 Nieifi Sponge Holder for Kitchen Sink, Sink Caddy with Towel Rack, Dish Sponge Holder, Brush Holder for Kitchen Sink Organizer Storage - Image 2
# # #
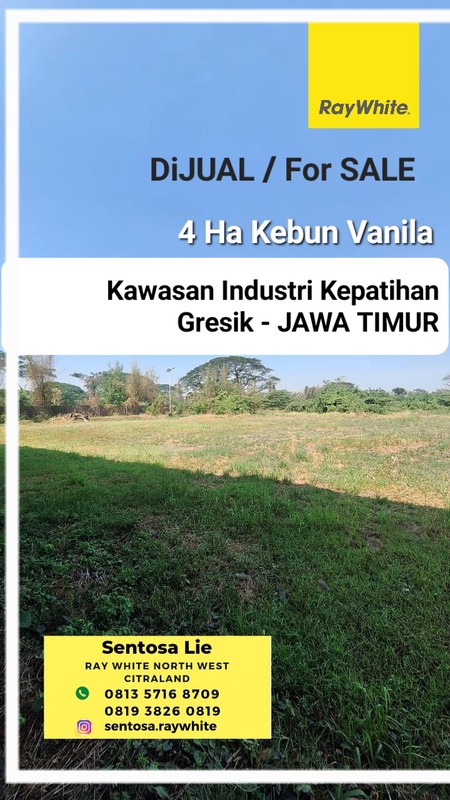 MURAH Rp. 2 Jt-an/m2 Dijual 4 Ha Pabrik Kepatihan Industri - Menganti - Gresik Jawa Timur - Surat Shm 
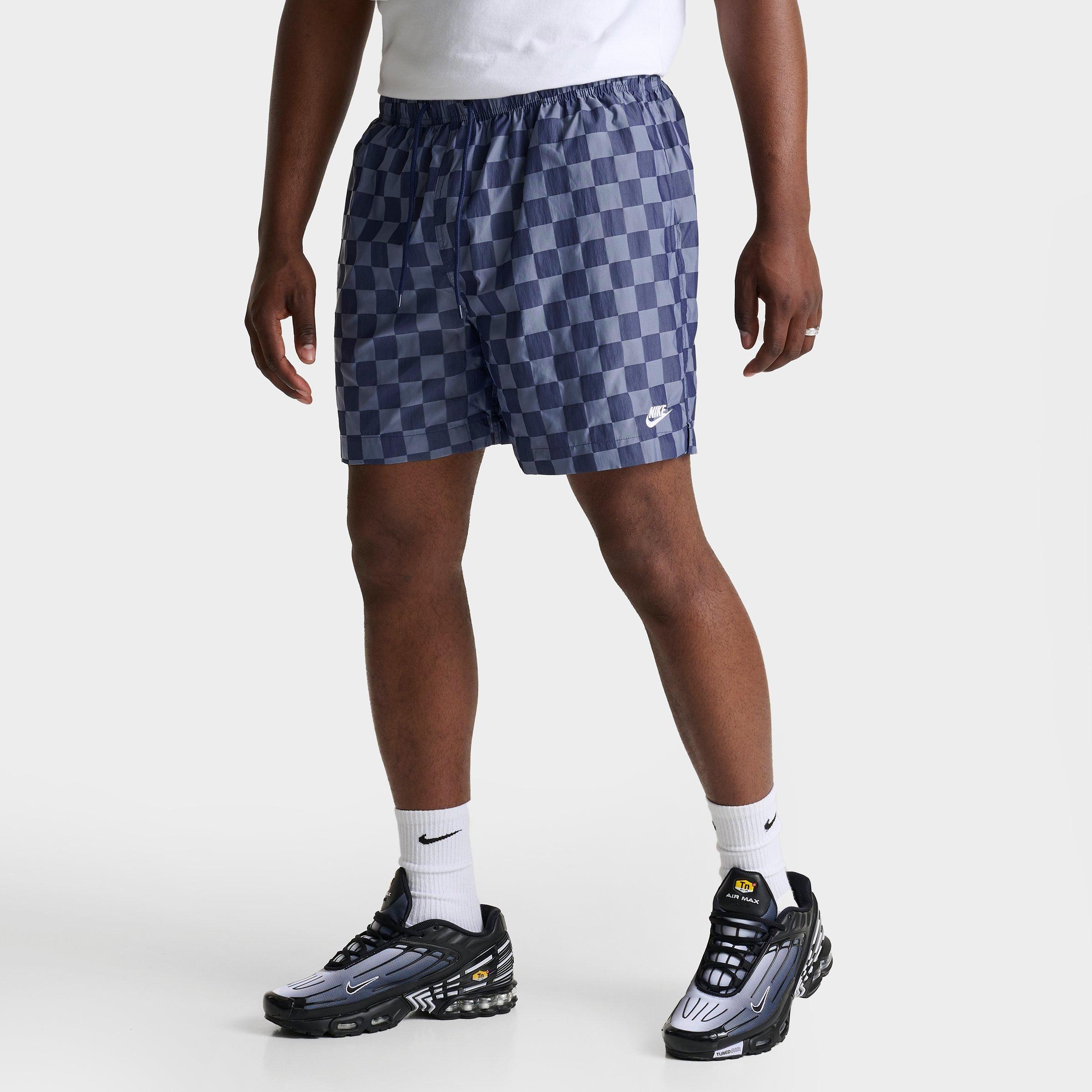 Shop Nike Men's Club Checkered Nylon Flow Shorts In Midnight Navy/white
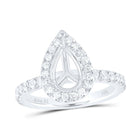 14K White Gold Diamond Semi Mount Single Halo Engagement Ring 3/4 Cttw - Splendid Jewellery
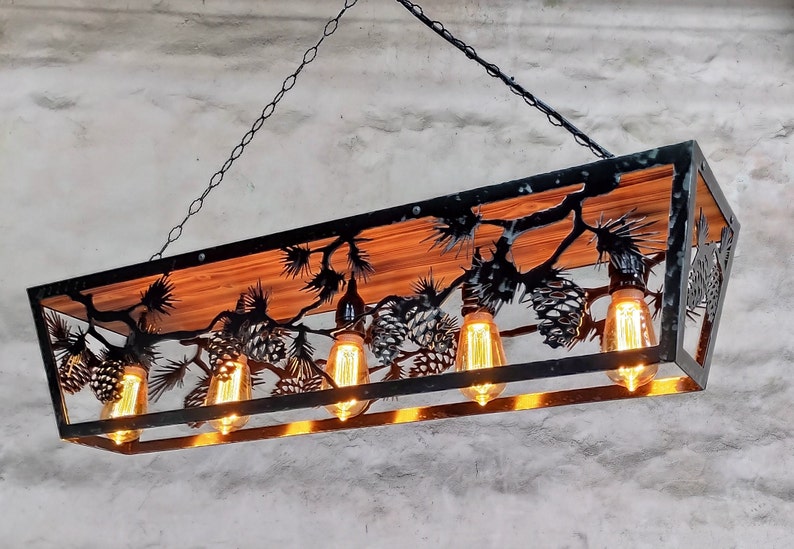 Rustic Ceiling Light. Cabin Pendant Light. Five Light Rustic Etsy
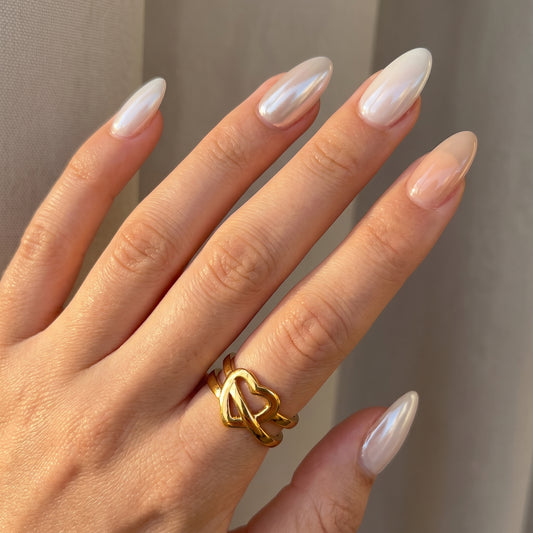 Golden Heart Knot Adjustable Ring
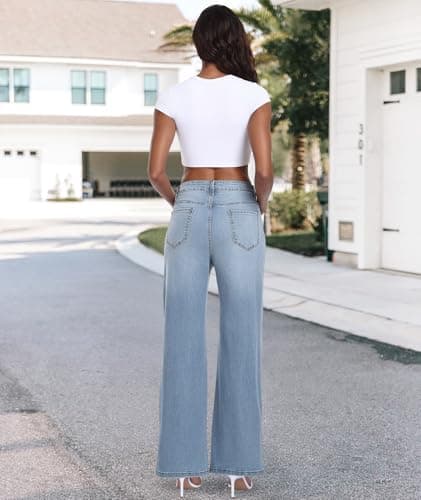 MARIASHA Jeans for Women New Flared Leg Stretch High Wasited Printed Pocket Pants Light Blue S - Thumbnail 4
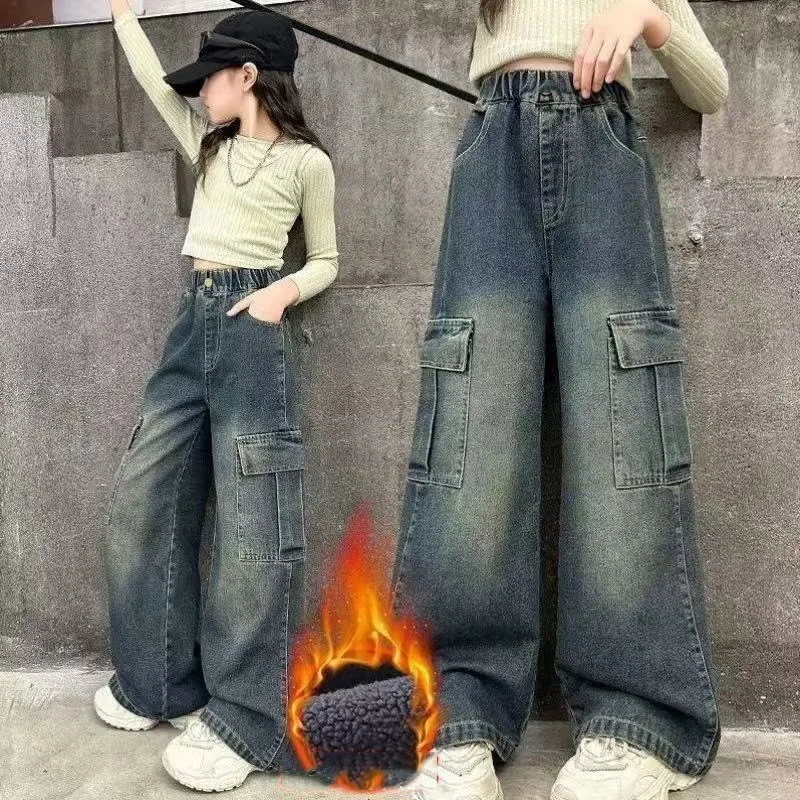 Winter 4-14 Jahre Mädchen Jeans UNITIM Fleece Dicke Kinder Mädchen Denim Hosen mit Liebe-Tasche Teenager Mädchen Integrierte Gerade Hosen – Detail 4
# # #
- _TASK GOAL_: Once the line with "Shop Nike Men's" is found above, print it and every line after it through the line with "Winter 4-14 Jahre", exactly. Pictures stay out.

- _OUTPUT BELOW_:
 Shop Nike Men's Club Checkered Nylon Flow Shorts In Midnight Navy/white
 14K White Gold Diamond Semi Mount Single Halo Engagement Ring 3/4 Cttw - Splendid Jewellery
 Rustic Ceiling Light. Cabin Pendant Light. Five Light Rustic Etsy
 Golden Heart Knot Adjustable Ring
 MARIASHA Jeans for Women New Flared Leg Stretch High Wasited Printed Pocket Pants Light Blue S - Thumbnail 4
 Winter 4-14 Jahre Mädchen Jeans UNITIM Fleece Dicke Kinder Mädchen Denim Hosen mit Liebe-Tasche Teenager Mädchen Integrierte Gerade Hosen – Detail 4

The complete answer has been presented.